Langkahnya tertatih melewati lorong kampus Pasca Sarjana UIN Syarif Hidayatullah Jakarta, bajunya agak sedikit basah karena saat itu sedang hujan. Ia masih berjalan melewati kelas demi kelas menuju kelas kami, kelas paling ujung di gedung Sekolah Pasca Sarjana UIN Syarif Hidayatullah Jakarta.
“Assalamualaikum,” ucapnya pelan. Beberapa mahasiswa tak menjawab salam beliau karena tak mendengarnya. Wajar jika suaranya pelan. Umurnya hampir sama dengan umur kemerdekaan Republik Indonesia, bahkan lebih dahulu kelahiran beliau.
Namanya Salman Harun. Seorang pria paruh baya ini adalah guru besar tafsir yang mengajar saya beserta teman-teman di kelas. Semangat mengajarnya tak perlu diragukan lagi. Bahkan dalam keadaan hujan pun beliau masih menyempatkan diri untuk hadir, walaupun dalam kondisi beliau yang sudah agak susah berkomunikasi karena faktor usia.
Prof Salman, begitu kami memanggilnya adalah seorang pria kelahiran Pariaman, 12 Juni 1945. Ia adalah seorang guru besar bidang tafsir di Fakultas Tarbiyah dan Ilmu Keguruan di UIN Syarif Hidayatullah, Jakarta. Beberapa kali beliau mengajar mata kuliah tafsir di Sekolah Pasca Sarjana.

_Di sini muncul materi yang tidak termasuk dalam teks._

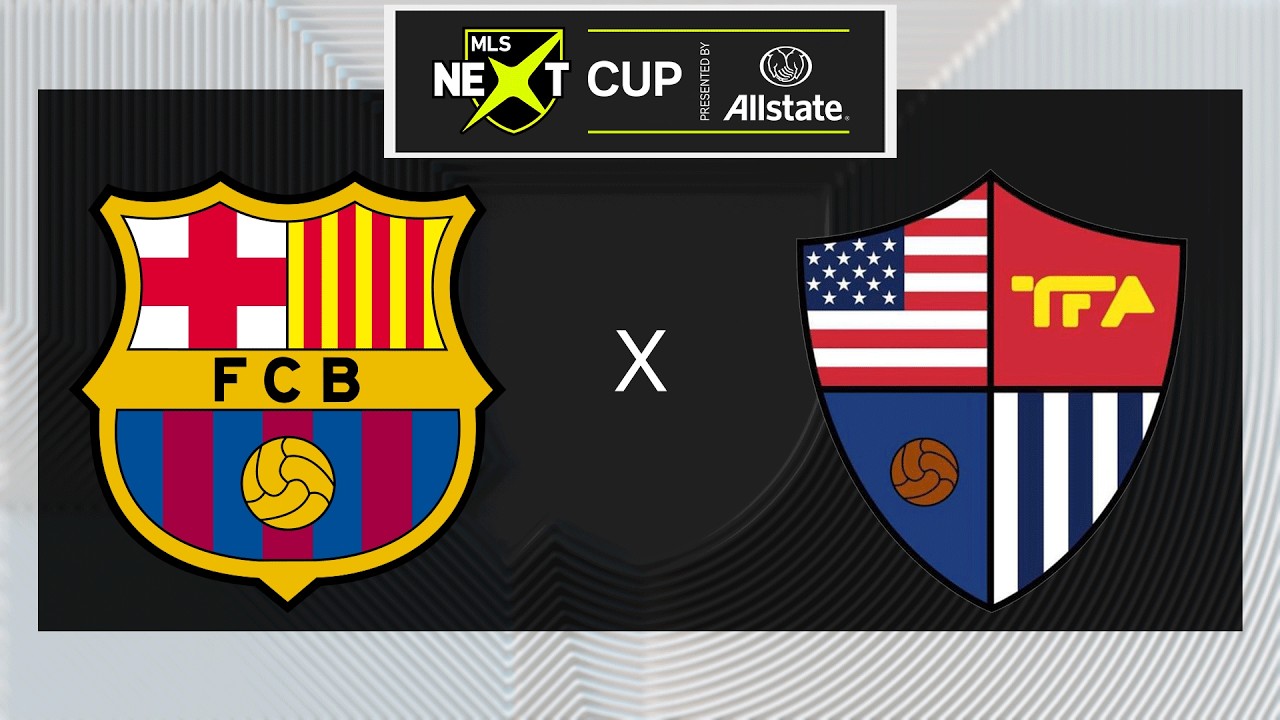 MLS NEXT Cup U16 Homegrown Final: Barca Residency Academy vs Total Futbol Academy | May 30, 2026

Salman adalah lulusan S1 di Fakultas Tarbiyah UIN Jakarta. Pendidikan doktoralnya ia tamatkan pada tahun 1988 dalam bidang tafsir. Ia juga sempat mengikuti beberapa pendidikan di luar negeri, mulai Post Graduate Course of Islamic Studies, Leiden University, pada tahun 1983; Management Course for Senior Managers of Ministryof Religious Affairs, Mc Gill University, Canada, 1995; hingga Post Doctoral Research, Bonn University, Germany, 1999.
Selain berkegiatan sebagai pengajar, ia beberapa kali menjabat sebagai petinggi di kampus, mulai Dekan Fakultas Tarbiyah, Kakanwil Depag Sumatera Barat, hingga staf Menteri Agama.
Saat ini kegiatan beliau sering digunakan untuk mengajar di kampus dan menulis buku. Beberapa bukunya di antaranya: Kaedah-Kaedah Tafsir, Pintar Bahasa Arab Al-Quran, dan Secangkir Tafsir Juz Terakhir.
Ia juga aktif menulis tafsir-tafsir Al-Quran perayat melalui akun Facebooknya. Tafsir tersebut ditulisnya mulai dari surat paling belakang dari Al-Quran, hingga artikel ini ditulis, Salman sudah menulis hingga Surat Al-Mulk ayat 30. Tulisan-tulisan tafsir dari Facebooknya inilah yang -bisa dibilang- menginspirasi terbitnya buku Secangkir Tafsir Juz Terakhir.